The witch pointed with her crutch....

A little thing like a rabbit was digging laboriously at the foot of the crag; it ran here and there, moving a heavy stone.

"That man shall be your master," the witch cried.

A white horse moved slowly across the dunes. It had about it a swirling cloud of brown and a swirling cloud of the colour of pearly shells.

"And that shall be your bane," the witch said, in a little voice. "Ah me, for the fine young lording."

Young Lovell coursed to the shed beyond the chapel yew where his horse whinned at the sound of his voice. He haled out the goodly roan that was called Hamewarts because they had bought him in Marseilles to ride homewards through France; his father and he had been to Rome after his father did the great and nameless sin and expiated it in that journey. He had ridden Hamewarts up from the Castle of Lovell so that, standing in the shed whilst his master kept his vigil, the horse might share his benediction.

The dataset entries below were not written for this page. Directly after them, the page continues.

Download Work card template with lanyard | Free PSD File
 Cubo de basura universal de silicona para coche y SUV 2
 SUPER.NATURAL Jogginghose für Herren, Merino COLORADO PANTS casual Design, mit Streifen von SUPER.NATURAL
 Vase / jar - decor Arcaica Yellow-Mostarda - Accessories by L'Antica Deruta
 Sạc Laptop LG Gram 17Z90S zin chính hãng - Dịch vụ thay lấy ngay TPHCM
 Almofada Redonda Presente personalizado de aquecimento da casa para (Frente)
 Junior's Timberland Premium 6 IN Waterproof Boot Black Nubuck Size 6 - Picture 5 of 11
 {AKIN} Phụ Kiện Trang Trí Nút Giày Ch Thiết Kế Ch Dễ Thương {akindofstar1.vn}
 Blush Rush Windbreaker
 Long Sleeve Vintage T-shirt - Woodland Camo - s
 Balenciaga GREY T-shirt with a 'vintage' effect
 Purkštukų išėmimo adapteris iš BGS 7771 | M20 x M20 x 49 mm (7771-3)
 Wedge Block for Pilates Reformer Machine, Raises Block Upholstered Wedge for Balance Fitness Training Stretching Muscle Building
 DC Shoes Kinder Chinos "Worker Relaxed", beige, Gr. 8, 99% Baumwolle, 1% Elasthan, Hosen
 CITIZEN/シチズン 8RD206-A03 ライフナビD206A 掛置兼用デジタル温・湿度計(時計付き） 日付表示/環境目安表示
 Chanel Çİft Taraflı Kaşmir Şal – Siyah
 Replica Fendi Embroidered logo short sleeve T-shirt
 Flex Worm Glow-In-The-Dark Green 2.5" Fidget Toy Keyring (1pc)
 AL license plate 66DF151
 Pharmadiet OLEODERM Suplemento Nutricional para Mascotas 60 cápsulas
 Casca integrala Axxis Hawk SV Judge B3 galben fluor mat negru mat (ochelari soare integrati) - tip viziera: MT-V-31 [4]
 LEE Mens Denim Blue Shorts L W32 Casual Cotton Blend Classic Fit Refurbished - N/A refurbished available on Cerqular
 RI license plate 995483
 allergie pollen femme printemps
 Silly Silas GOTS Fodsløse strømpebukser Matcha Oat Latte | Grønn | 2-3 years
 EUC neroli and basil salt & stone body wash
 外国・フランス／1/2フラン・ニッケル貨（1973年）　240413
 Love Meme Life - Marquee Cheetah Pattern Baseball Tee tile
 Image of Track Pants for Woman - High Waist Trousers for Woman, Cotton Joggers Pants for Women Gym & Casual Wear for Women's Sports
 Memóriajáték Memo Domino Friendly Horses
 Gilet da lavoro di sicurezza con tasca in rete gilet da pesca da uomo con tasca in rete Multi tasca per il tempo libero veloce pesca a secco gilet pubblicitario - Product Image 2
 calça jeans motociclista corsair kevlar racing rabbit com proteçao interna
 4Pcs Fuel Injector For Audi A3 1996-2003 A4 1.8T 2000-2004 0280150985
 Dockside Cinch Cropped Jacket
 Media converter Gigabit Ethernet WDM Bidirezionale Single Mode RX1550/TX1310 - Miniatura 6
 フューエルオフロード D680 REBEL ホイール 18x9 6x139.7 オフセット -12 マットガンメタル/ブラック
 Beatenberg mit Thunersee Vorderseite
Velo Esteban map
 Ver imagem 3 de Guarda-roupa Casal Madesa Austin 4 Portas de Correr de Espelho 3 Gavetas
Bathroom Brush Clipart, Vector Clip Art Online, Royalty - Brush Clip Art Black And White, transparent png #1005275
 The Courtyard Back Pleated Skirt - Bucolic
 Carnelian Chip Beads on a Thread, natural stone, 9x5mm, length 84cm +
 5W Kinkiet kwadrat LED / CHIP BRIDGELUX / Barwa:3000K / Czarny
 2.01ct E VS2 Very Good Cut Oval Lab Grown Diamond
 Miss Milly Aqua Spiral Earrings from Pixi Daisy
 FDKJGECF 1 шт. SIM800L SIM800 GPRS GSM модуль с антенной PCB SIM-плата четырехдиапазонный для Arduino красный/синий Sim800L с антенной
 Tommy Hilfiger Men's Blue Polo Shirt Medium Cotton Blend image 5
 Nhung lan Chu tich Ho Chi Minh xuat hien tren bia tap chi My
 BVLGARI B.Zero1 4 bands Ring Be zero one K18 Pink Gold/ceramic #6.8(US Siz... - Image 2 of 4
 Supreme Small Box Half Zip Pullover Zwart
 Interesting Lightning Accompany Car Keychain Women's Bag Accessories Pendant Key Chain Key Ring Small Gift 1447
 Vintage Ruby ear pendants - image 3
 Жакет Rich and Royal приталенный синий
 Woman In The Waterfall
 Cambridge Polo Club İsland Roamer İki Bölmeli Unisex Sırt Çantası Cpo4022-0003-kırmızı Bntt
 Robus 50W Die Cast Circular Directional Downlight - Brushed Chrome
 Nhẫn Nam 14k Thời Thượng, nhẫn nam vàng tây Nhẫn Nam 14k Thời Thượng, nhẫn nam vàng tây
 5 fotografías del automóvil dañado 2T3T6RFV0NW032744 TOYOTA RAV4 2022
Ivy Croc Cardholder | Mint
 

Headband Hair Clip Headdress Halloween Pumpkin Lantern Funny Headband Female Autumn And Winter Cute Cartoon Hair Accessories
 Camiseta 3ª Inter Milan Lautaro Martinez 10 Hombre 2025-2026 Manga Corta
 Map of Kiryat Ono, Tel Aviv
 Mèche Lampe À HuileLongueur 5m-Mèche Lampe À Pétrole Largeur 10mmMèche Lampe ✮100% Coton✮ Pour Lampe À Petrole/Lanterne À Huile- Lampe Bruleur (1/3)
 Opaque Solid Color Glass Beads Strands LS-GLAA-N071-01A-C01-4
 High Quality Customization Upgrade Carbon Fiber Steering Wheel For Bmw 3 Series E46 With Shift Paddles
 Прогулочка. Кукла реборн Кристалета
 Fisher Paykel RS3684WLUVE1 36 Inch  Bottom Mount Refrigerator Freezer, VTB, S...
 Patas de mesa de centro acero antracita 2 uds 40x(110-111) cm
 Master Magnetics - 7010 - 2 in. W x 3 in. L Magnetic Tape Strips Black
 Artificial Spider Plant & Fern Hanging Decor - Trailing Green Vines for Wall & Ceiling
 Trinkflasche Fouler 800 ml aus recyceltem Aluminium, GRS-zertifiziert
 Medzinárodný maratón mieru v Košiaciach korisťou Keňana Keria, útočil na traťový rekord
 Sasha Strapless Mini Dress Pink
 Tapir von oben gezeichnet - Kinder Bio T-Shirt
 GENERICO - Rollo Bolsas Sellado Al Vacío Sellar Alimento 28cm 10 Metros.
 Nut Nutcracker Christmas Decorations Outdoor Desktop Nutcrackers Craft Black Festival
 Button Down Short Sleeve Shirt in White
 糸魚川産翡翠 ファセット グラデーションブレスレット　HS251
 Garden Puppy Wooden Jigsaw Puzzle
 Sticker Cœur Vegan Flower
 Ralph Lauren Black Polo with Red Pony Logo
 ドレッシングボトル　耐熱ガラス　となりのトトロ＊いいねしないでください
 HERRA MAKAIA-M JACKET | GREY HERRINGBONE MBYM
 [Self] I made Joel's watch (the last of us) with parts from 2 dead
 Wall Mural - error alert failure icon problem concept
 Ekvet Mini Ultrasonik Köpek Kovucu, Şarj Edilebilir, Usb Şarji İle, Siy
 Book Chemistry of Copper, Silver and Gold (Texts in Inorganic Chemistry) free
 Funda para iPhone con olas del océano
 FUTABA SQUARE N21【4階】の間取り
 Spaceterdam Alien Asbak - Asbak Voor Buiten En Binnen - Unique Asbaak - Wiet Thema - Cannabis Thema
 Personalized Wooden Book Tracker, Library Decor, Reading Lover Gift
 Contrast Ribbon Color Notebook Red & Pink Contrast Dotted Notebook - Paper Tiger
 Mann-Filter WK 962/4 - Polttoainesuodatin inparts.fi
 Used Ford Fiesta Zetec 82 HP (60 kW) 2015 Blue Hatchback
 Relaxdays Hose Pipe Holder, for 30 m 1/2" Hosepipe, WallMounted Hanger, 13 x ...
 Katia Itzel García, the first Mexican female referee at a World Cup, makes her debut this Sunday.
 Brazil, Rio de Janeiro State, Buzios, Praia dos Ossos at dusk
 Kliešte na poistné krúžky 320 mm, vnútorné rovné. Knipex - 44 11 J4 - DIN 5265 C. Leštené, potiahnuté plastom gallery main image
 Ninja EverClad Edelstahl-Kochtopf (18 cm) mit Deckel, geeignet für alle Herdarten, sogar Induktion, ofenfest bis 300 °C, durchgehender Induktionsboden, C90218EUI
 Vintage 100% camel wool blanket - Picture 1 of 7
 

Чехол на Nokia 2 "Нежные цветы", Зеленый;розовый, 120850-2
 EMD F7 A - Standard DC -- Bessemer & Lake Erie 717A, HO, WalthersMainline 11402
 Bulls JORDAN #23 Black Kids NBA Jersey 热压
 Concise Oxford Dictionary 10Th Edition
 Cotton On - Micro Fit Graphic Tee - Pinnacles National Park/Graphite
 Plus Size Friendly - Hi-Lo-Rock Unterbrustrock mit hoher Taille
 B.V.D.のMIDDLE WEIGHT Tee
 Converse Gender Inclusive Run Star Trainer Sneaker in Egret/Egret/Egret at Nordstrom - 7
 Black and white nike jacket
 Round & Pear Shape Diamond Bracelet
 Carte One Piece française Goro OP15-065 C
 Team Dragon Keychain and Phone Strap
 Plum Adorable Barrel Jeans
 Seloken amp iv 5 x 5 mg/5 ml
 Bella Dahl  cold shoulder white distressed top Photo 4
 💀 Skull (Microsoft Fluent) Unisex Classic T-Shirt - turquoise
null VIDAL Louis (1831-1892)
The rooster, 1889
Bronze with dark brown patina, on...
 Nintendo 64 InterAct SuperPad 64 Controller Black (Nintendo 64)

The roan stallion lifted his head to gaze down the wind. He drew in the air through his nostrils that were as broad as your palm; he sprang on high and neighed as he had done at the battle of Kenchie's Burn.

The horse had no need of spurs, and young Lovell had none. It ran like the wind in the direction of the white steed at a distance. Nevertheless, the rider heard through the muffled sound of hoofs on the heavy sand the old witch who cried out, "Eya," to show that she had more to say, and he drew the reins of his charger. The sand flew all over him from beneath the horse's feet, and he heard the witch's voice cry out:

"To-day your dad shall die, but you's get none of his lands nor gear. From the now you shall be a houseless man."

But when he turned in his saddle he could see no old beldam in a scarlet cloak. Only a russet hare ran beneath the belly of Hamewarts and squealed like a new-born baby.